Nobody Rides For Free
Page 20
“A search warrant might turn up the rope he used, for example. Or the gun.”
“Absolutely. But you know as well as I do that I have to have sufficient evidence in order to get the warrant.”
And there I was again. Not enough concrete evidence to justify the invasion of a citizen’s privacy. “You’ll want to contact Detective David Wells in Palm Beach,” I said. I pulled out my phone and read her the number. “I think there’s going to be a connection to the death of a Russian-American real estate attorney from Sunny Isles Beach named Alexei Verenich. The method of death is the same in both cases, and maybe the ballistics from both murders will match.”
“You’re making this into a very interesting case, Agent Green,” she said.
“I do my best.”
30.
Take it Slow
By the time I left the Fort Lauderdale police department, the day had turned hot and sunny and my car burned like a furnace. I opened the windows and turned the air conditioning on high as I made my way back to the highway.

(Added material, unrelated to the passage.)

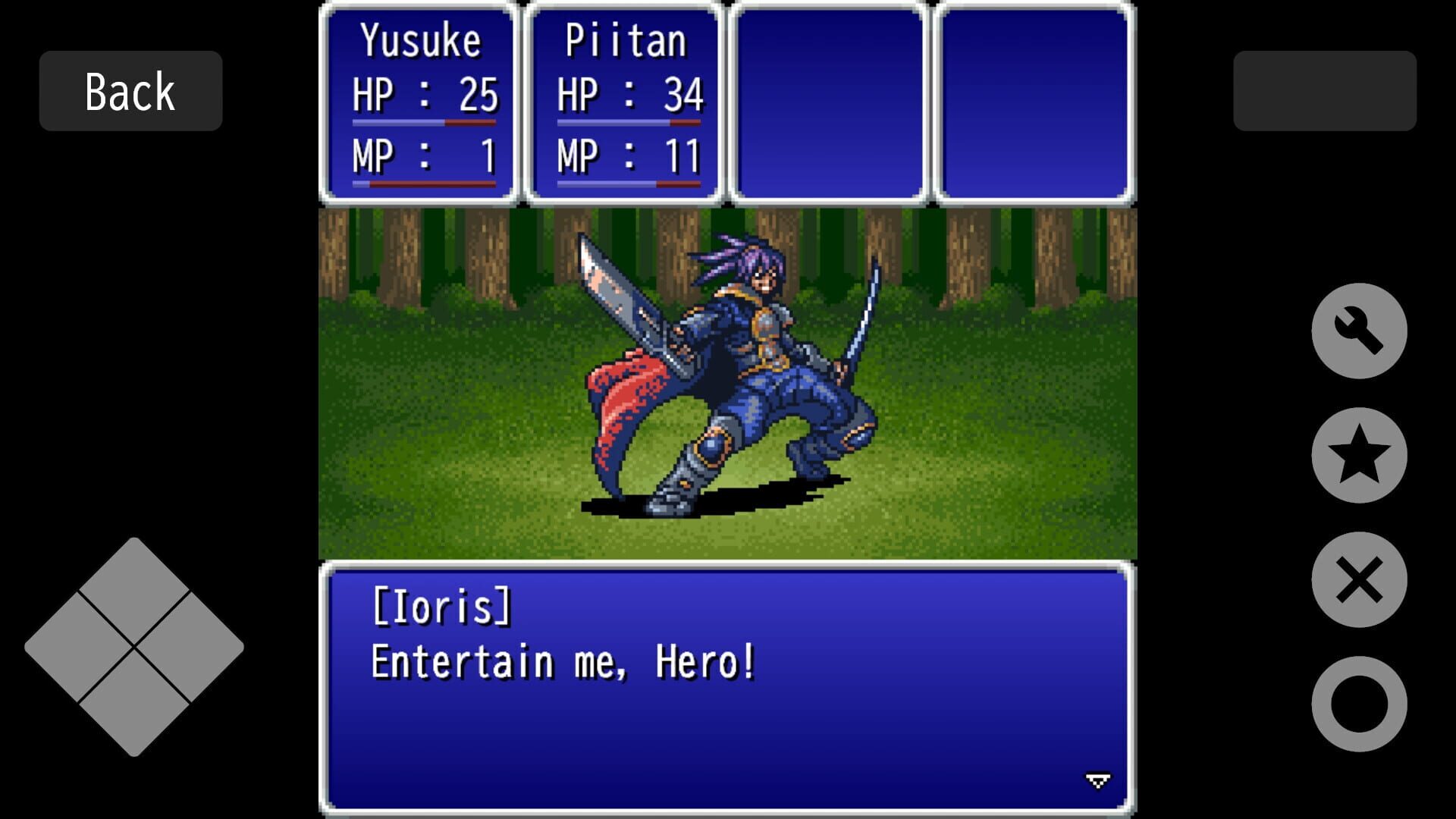 Bravest!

My brain buzzed with what I’d learned that day. Both Alexei Verenich and Dorje Brewer had been killed by gunshots to the back of the head. From the same gun? I’d have to wait for the ballistics results to know.

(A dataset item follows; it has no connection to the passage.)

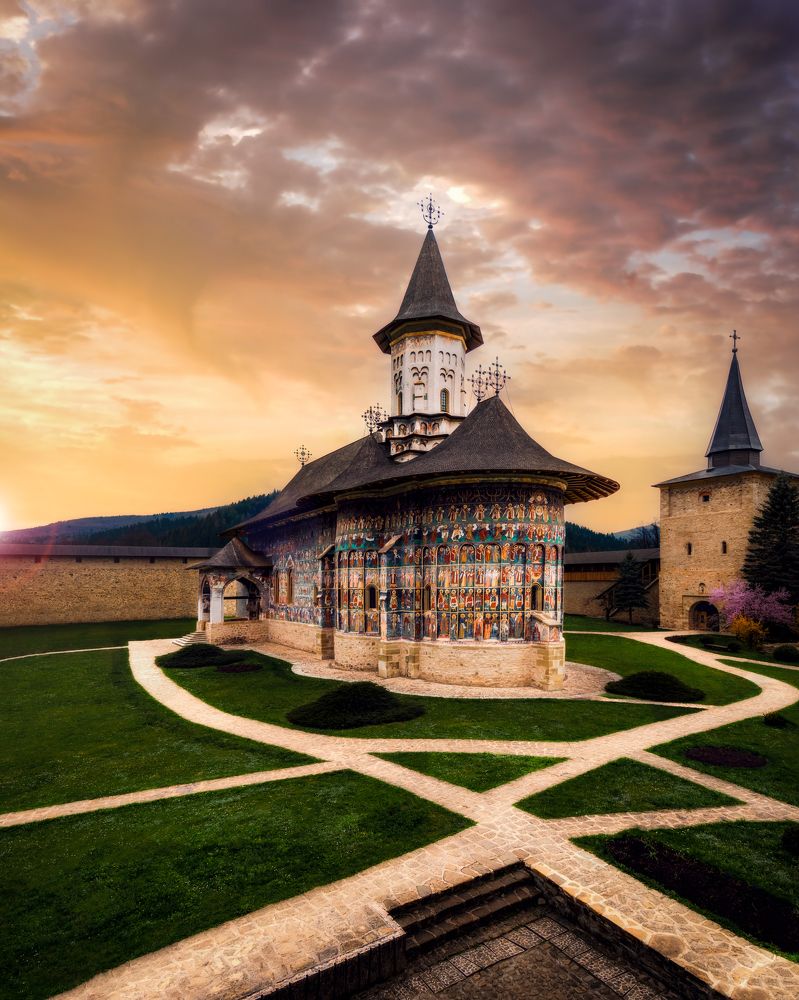 Photograph by Robert Fülöp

Who was at the intersection of those two individuals? The easy answer was Frank Cardone. He worked for Verenich, or at least Verenich wrote him periodic checks. And Cardone knew Dorje. But was Cardone the kind of stone-cold killer who could shoot two men in the back of the head?

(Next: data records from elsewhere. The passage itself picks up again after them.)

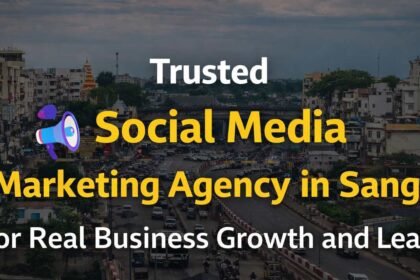Trusted Social Media Marketing Agency In Sangli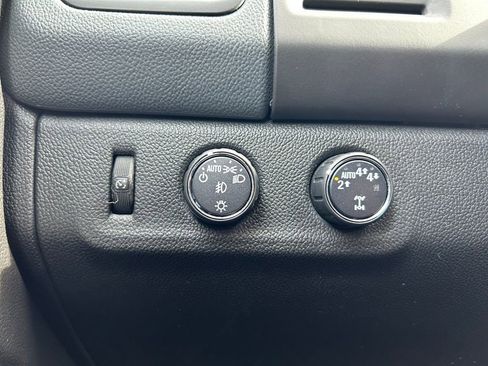 Used 2018 Chevrolet Colorado Z71 image 21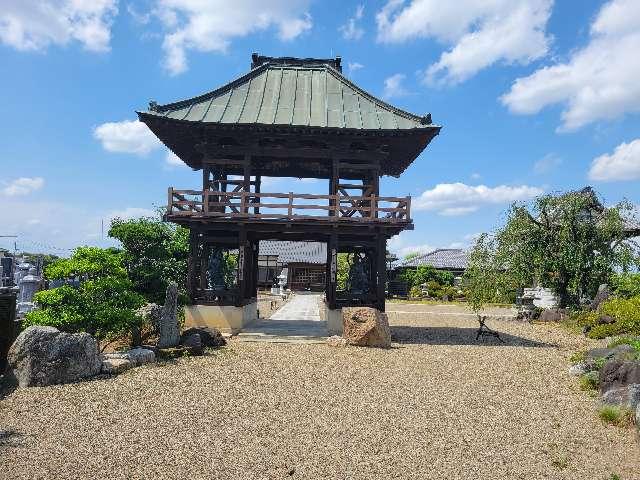 安楽山　西福寺の参拝記録5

I couldn’t come up with anymore connections between the two victims. When I got to Miramar, I wrote up yet another FD302 about my conversations with Maria Fleitas and Ana Cespedes. I reviewed everything I knew, and it was frustrating to have so much information and yet still not enough.
After I made it home, I went for a long, sweaty run around my neighborhood, then took a shower to cool off. I began to feel better, and a call from Lester helped.
“I went over to Lazarus Place this afternoon,” he said. “Those kids are way tougher than I expected. Even the really femmy ones already know how to take care of themselves.”
“They have to be, to survive on the street,” I said. “What did you do with them?”
“I showed them holds I use when I have to drag guys out of the bar, and then they practiced how they could get out of them if someone used one on them. It was fun.”
“You going back?”
“I think so. They need some good role models, you know?”
That was Lester in a nutshell. Big and tough and able to toss jerks out of the bar, but with a sweet heart beating in his chest.
“So what’s up with you and that Shane guy?” he asked.
My heart skipped a beat or two. “What do you mean?”
“He kept asking me questions about how I knew you, were we friends or dating. You fool around with him?”
“Nothing more than a kiss and a hug,” I said. “Honestly? He’s got some baggage.”
“Baggage? Honey, he’s got a matched set of luggage to carry around everything that’s wrong with him.”
Lester had pitched his voice an octave higher than normal, and I had to laugh, even though I knew he was right. “How can you tell?”
“Working in a bar you get a keen insight into human nature,” he said. “But you know that already. How many years did you say you tended bar? All through college?”
“I started as a server, but I was able to get behind the bar about a year later because I worked in a restaurant and the rules in Pennsylvania were you only had to be eighteen.” It struck me that our common experience in nightlife was another connection that Lester and I shared, though I hadn’t seen that before.
“Anyway, I made it clear that you and I are back together,” Lester said. “That’s what we are, right?”
“We are as together as peanut butter and jelly,” I said. “And sometimes just as sticky.”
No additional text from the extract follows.